Ha fatto caldo, oggi.
Nemmeno me lo ricordavo più cosa volesse dire avere così caldo: l’abbraccio del sole che sembra salire direttamente dalla terra, che avvolge le membra e il viso e ogni respiro e lascia un po’ atterriti.
Non lo ricordavo più.
Ha fatto caldo, oggi, ha fatto caldo, e quel calore io l’ho sentito, e con lui è arrivato anche tutto il senso di colpa: il mio cuore è un cristallo di ghiaccio, e il calore del sole ha spesso il sapore di una bestemmia sulle mie labbra ormai spaccate dalle troppe preghiere gettate al vento.
I miei santi forse mi perdoneranno per aver goduto di un giorno di sole. Il mio cuore, in fondo, continua a sentire soltanto freddo.
 
Ha fatto caldo, oggi, ma il sole è calato sin troppo in fretta.
Il vento danza con i miei capelli: sono sciolti, ora, sciolti e venati da fili d’argento; mi danzano attorno al viso, mi nascondono un poco il mondo, vi gettano sopra manciate di terra. Un’acrobata non può permettersi d’inciampare nei propri capelli: se chiudo gli occhi, sento che le mie dita potrebbero trovare il modo di muoversi da sole, danzando a disegnare intrecci precisi alla base della mia nuca. Se chiudo gli occhi un po’ più forte, posso sentire di nuovo l’odore avvolgente della pomata alla cera con cui mi pettinavo prima di un’esibizione. È un odore che resta nelle narici e scivola in gola, anche quando è presente solo nei ricordi.
Perché un’acrobata non può permettersi di inciampare nei propri capelli, ma io siedo su una pietra scaldata dal sole, e lascio che la brezza carica di promesse tempestose giochi con la mia treccia sfatta.
Siedo su una pietra che conserva ancora il tepore di una giornata troppo calda, e fra le dita non ho la consistenza vischiosa di una pomata alla cera, ma solo terra. Quella stessa terra che mi annerisce la lunetta delle unghie e si insinua in ogni piega della pelle, nei solchi che delimitano le falangi e sui bordi irregolari dei calli. Non sono più un’acrobata, ma le mie mani si porteranno sempre addosso i segni dei miei incontri con le corde e il legno liscio di un trapezio.
Allungo le gambe davanti a me, e osservo le mie dita stanche posate sulle ginocchia.

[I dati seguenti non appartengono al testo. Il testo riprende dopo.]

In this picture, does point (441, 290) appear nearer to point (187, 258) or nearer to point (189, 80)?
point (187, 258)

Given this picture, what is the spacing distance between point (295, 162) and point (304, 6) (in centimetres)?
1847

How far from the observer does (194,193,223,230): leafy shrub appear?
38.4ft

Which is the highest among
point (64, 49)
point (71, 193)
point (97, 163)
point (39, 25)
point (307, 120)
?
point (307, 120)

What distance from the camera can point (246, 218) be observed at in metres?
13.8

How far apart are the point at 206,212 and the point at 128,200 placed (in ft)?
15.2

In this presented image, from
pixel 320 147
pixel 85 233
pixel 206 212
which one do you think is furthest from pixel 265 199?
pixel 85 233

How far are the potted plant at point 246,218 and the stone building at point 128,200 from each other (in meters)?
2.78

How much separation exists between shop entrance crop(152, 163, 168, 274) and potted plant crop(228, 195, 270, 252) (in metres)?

La terra le fa sembrare ancora più scure, e i miei occhi corrono agli sbuffi di colore in fondo alla via: rosso intenso, fucsia, corallo acceso, rosa sporcato da sfumature violette. I miei gerani hanno uno stelo sottile, una linea netta e affilata, diritta come la schiena di un equilibrista che posi il suo piede sul cavo. È uno stelo che sostiene l’ampia rotondità dei fiori con la stessa forza senza peso con cui un acrobata si regge su una sola mano.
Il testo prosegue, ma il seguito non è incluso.